**Task instructions**
Starting with the line that holds "Pine tree garden", reproduce each line through the last one of the data, exactly as written. Pictures are not copied.

Top of Material provided

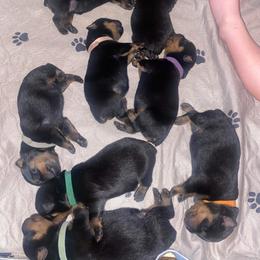 French Bulldog and Rottweiler Puppies from White River Rotties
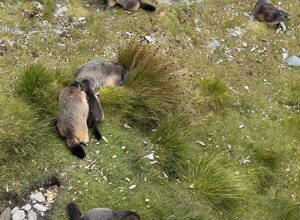 img_0307.jpeg img_0307.jpeg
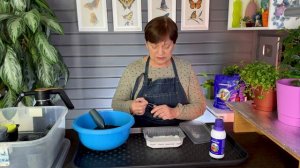 Сроки. Перец на рассаду.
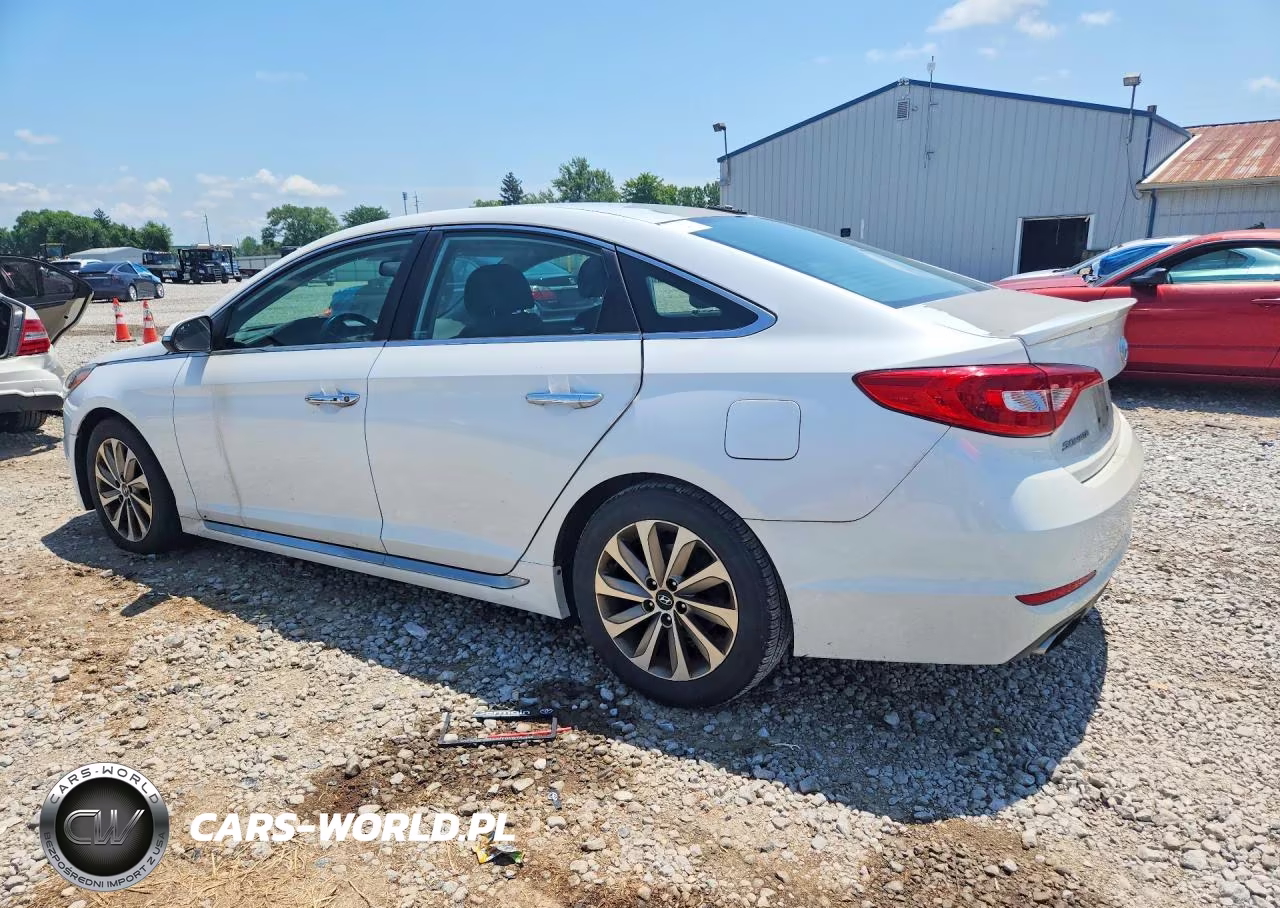 2016 Hyundai Sonata Sport VIN:5NPE34AFXGH377181 - 2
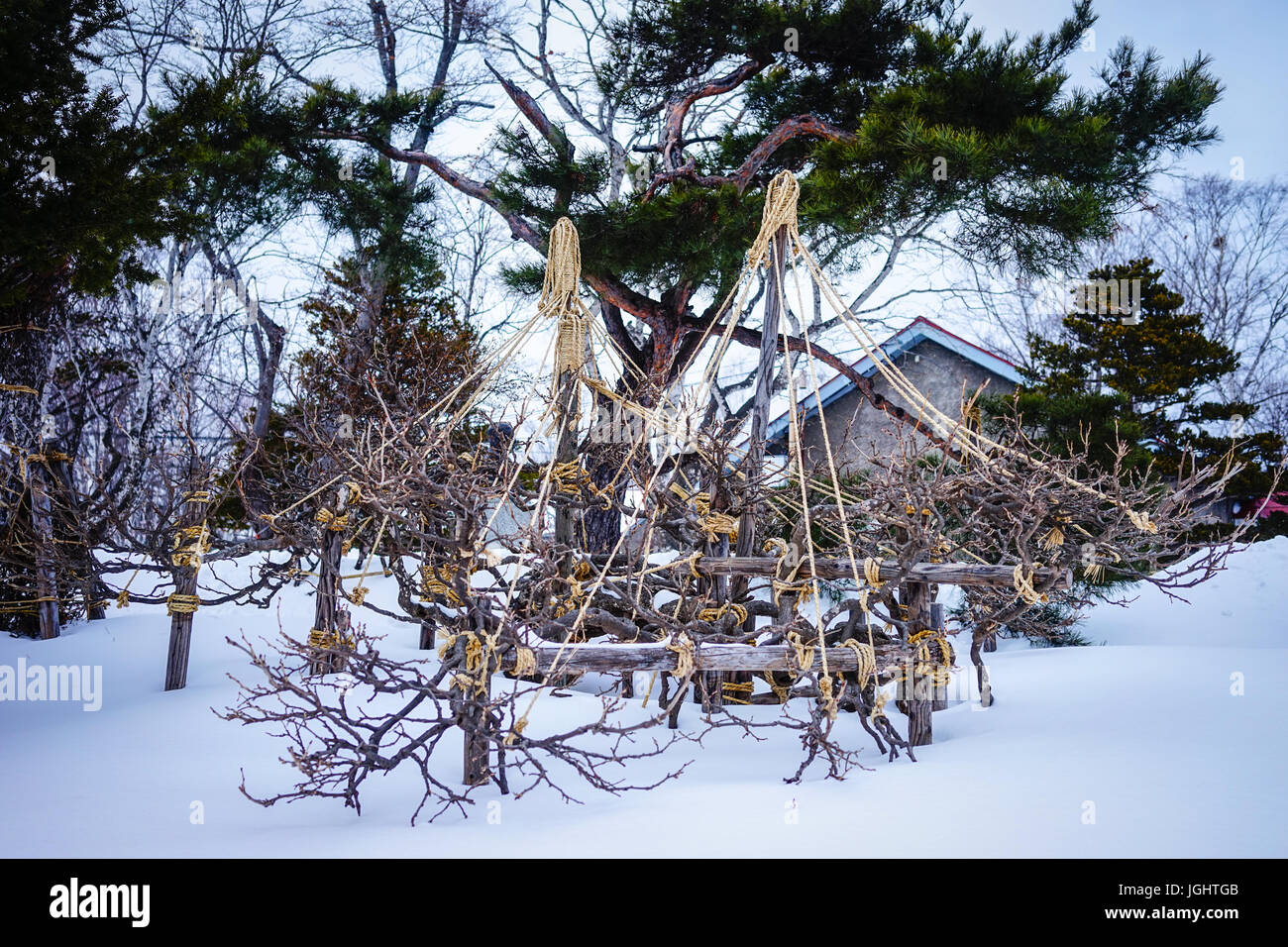 Pine tree garden at rainy day in the winter. Japanese garden Stock ...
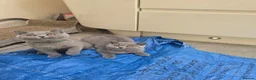 British Shorthair cats for sale: 3 Gorgeous British Short Hair Kittens - Advert 10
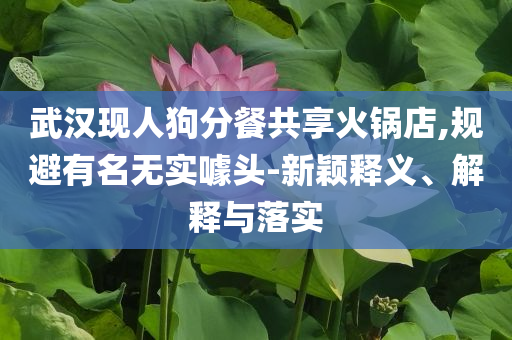 武漢現(xiàn)人狗分餐共享火鍋店,規(guī)避有名無(wú)實(shí)噱頭-新穎釋義、解釋與落實(shí)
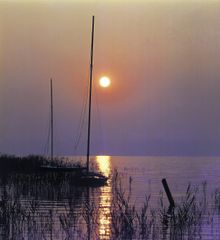 Lake Neusiedl
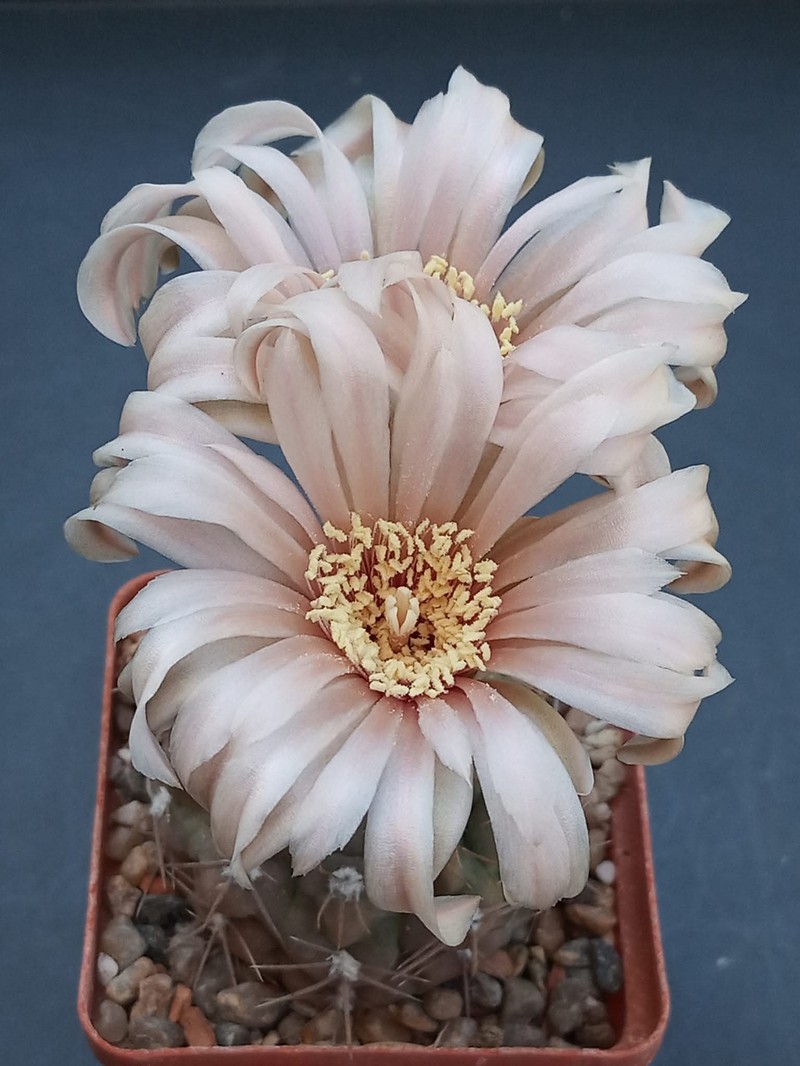 Gymnocalycium sanluisense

Bottom of Material provided

**Solution to this task**
 Pine tree garden at rainy day in the winter. Japanese garden Stock ...
 British Shorthair cats for sale: 3 Gorgeous British Short Hair Kittens - Advert 10
 武漢現(xiàn)人狗分餐共享火鍋店,規(guī)避有名無(wú)實(shí)噱頭-新穎釋義、解釋與落實(shí)
 Lake Neusiedl
 Gymnocalycium sanluisense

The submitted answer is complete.